American actress, singer and model

Madisyn Shipman (born November 20, 2002) is an American actress, singer and model. She is known for playing Kenzie Bell in the Nickelodeon sitcom Game Shakers.

==Early life==
Shipman was born in Kings Mountain, North Carolina. She is the eldest of four children, and her parents are Jen and Tracey Shipman. Shipman began writing songs and playing guitar when she was eight.

==Career==
When Shipman was five, she began working with a talent agency that helped her land three different roles on Saturday Night Live, as well as roles on Sesame Street and on stage.
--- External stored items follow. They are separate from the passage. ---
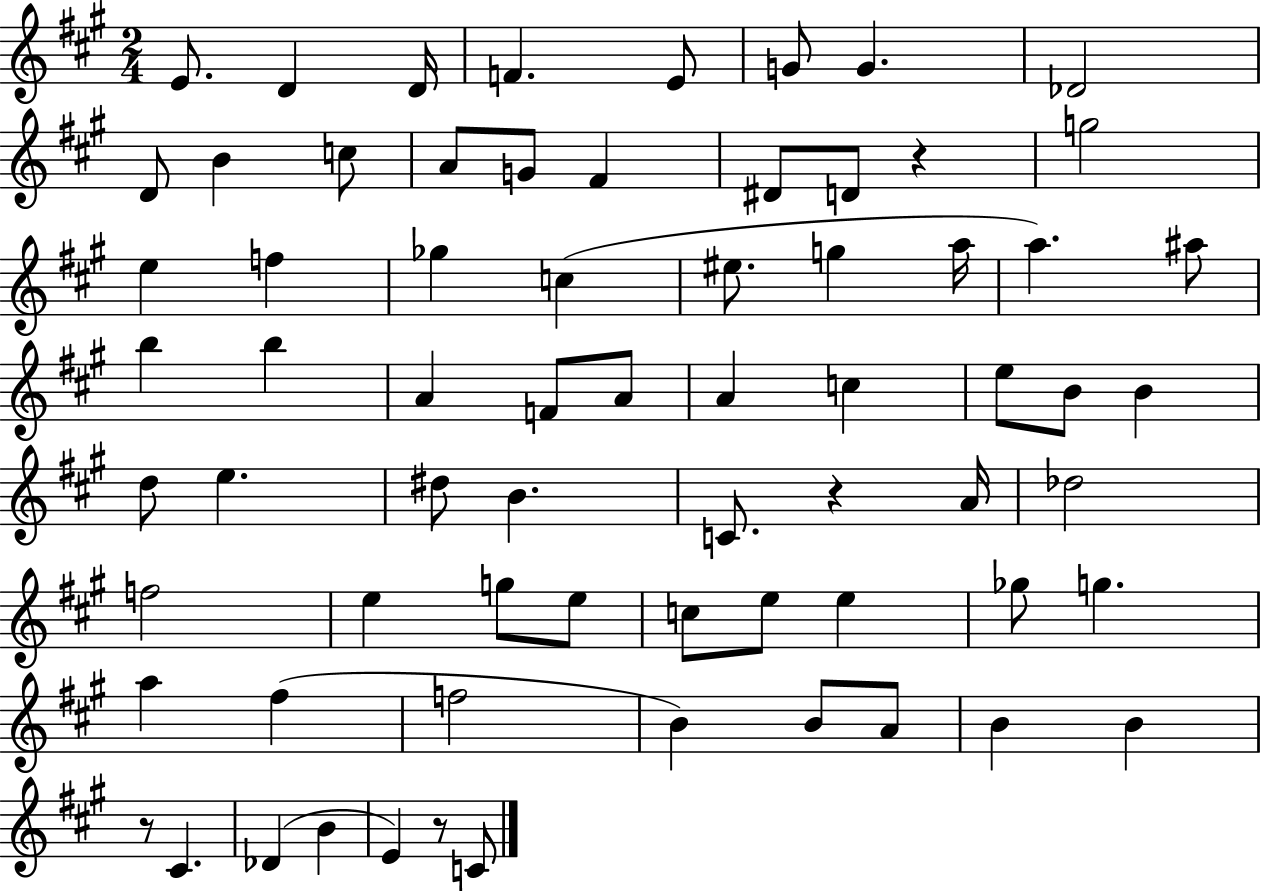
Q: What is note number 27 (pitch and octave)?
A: B5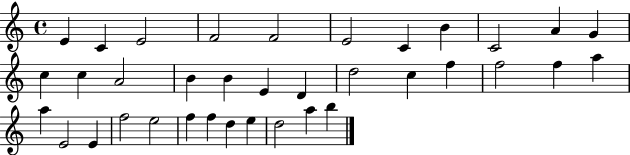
X:1
T:Untitled
M:4/4
L:1/4
K:C
E C E2 F2 F2 E2 C B C2 A G c c A2 B B E D d2 c f f2 f a a E2 E f2 e2 f f d e d2 a b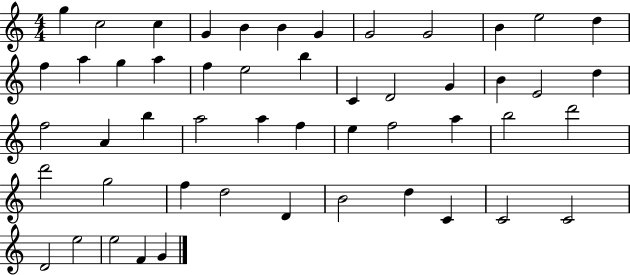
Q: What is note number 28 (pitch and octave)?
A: B5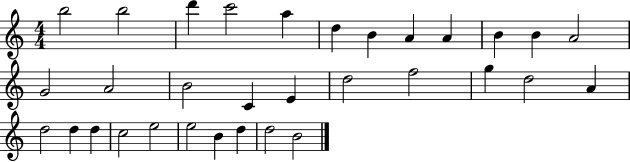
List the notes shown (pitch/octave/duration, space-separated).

B5/h B5/h D6/q C6/h A5/q D5/q B4/q A4/q A4/q B4/q B4/q A4/h G4/h A4/h B4/h C4/q E4/q D5/h F5/h G5/q D5/h A4/q D5/h D5/q D5/q C5/h E5/h E5/h B4/q D5/q D5/h B4/h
She appeared in the play Enron on Broadway in 2010.

In 2015, she was cast in the lead role as Kenzie Bell, a girl who is one of the co-founders of the titular game company, in the Nickelodeon television series Game Shakers which is produced by Dan Schneider.

She started her music career in 2021 and has since released nine singles.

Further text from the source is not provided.